Java, RDF, and the “Virtual Web” Part three: Content aggregation

Part 2 of this article appeared recently: Java, RDF, and the "Virtual Web" Part two

Content aggregation is defined as a process of collecting data from heterogeneous sources. In today’s online world, this notion gets associated with giant navigational hubs like Yahoo!, Excite, and NetCenter. In practice, content aggregation takes place on different levels in many other Internet and Intranet applications. Such applications either serve content that was aggregated offline, or use custom server-side and browser-side code to perform dynamic aggregation. The power of RDF is in using metadata to control both offline and dynamic aggregation without having to implement custom code.

Content Management

An early solution to the problem of aggregation came in the form of content management systems that supplied content providers with tools for collecting distributed heterogeneous data, converting it to a single representation, and, most commonly, storing it in a relational database. Successful tools tapped into existing workflows to minimize pains from changing old procedures for collecting and maintaining data. Once information was safely in the database, application developers could get at it using server-interpreted scripts (Tcl, Perl, etc.) to generate dynamic pages. The scripts were often referenced through proprietary tags within HTML templates. Template processors were hooked up to HTTP servers via CGI, native server APIs, or, later, the Java Servlet API.

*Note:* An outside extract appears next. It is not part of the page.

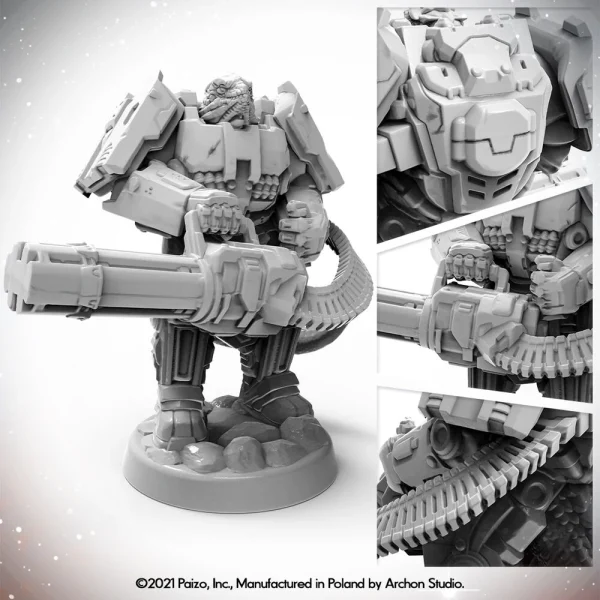 1414671051-2 Archon Studio - Starfinder - VESK MERCENARY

Traditional content management systems work best for brand new applications that have the luxury of establishing their own data maintenance procedures. Replacing or redesigning an existing application often means incompatibility with archived data, which implies massive conversions of data and redundant maintenance for the duration. At the very least, the transition is likely to be a mess, but it can be even worse if existing data maintenance procedures can not be redesigned.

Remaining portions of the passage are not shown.